### EXERCISE DATA
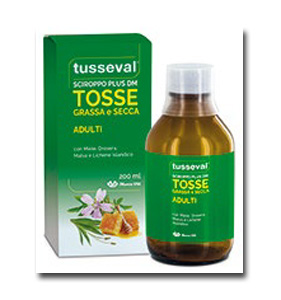 TUSSEVAL SCIROPPO TOSSE ADULTI 200 ML - Metafarm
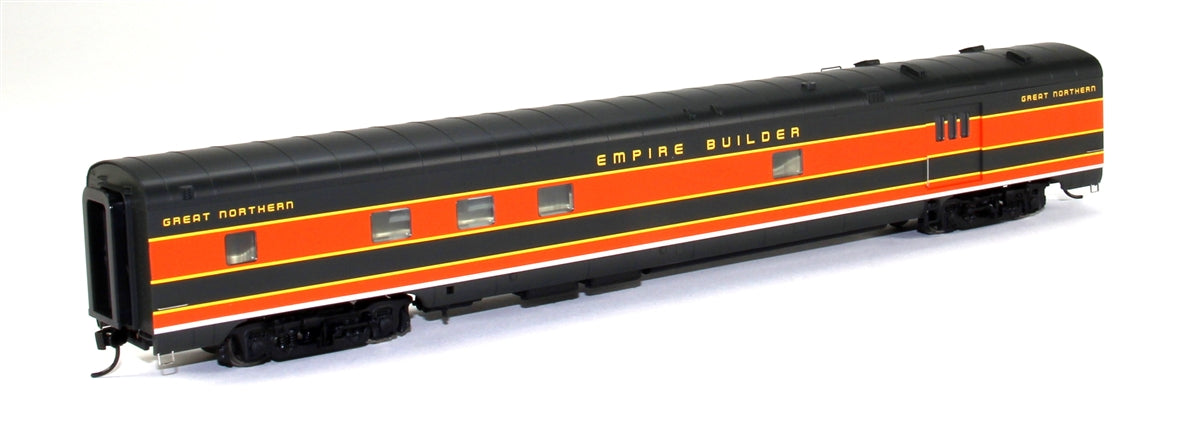Walthers 920-9051 HO Empire Builder 85' ACF Baggage-Dorm Car - Lighted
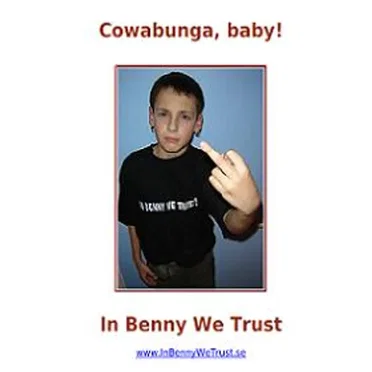 Cowabunga, baby!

### DESCRIPTION OF THE TASK
Find the line that has "Walthers 920-9051 HO" in the listing, then retype it and each later line up to the last, exactly. Leave pictures out.

### YOUR RESPONSE
Walthers 920-9051 HO Empire Builder 85' ACF Baggage-Dorm Car - Lighted
 Cowabunga, baby!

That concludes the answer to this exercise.